Innovative and Adventurous From the Start

Roots

When Cindy Thompson entered the School of the Museum of Fine Arts in 1982, she intended to earn an MFA in metalsmithing and clay sculpture. But the late 70's and early 80's saw the advent of performance art, and the allure proved irresistible. 

Cindy assisted with the installation of Ann Slavit's 50 foot inflatable legs, Della (Street),  in New York, 1978. After "discovering" Spandex and teaching herself to sew, she started her own experiments in tension fabric sculpture.

Performance Art, and Pink Inc.

With her undergraduate partner, Debbie Roth, she founded a performance art troupe which was named Pink Inc by an audience member.

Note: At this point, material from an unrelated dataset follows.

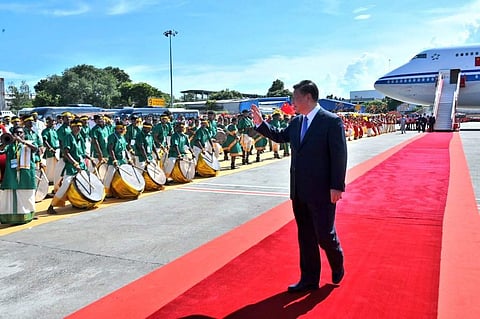 Chinese President Xi Jinping welcomed by traditional folk artists at the Chennai International airport. (Photo | Twitter / MEAIndia)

The name stuck. Some memorable projects were titled:

Thaddeus the Lump

Rapid Extender

Cindy's thesis performance, Circles in Motion, was allowed (after some argument among the committee members) and she earned her MFA in 1986. She then moved to Maine, and let Debbie keep the name. 

Early Days

Shortly after moving to Maine in 1985, Cindy began making artistic fabric structures for festivals and corporate events, under the name “Fabric Transformations”, but soon changed the name to the more active “Transformit”. The company’s first home was a loft/ studio/ warehouse in Portland, Maine, where she lived with her dog, Marvel. Here she created many installations, including the company’s largest-ever structure, without the aid of computers or any (human) employees.

During this time, she met and collaborated with many of the early creators of tension fabric structures in the US, including Charles Duvall, Rico Eastman, Nic Goldsmith and Reid Dalland, and Bill Moss. She shared her studio in Portland with Bill Moss, for whose company she invented the stretch-fabric "zip-tunnel" construction method.

Early success in the market of corporate events led to growth, the addition of employees, and the construction of a building big enough to hold the company.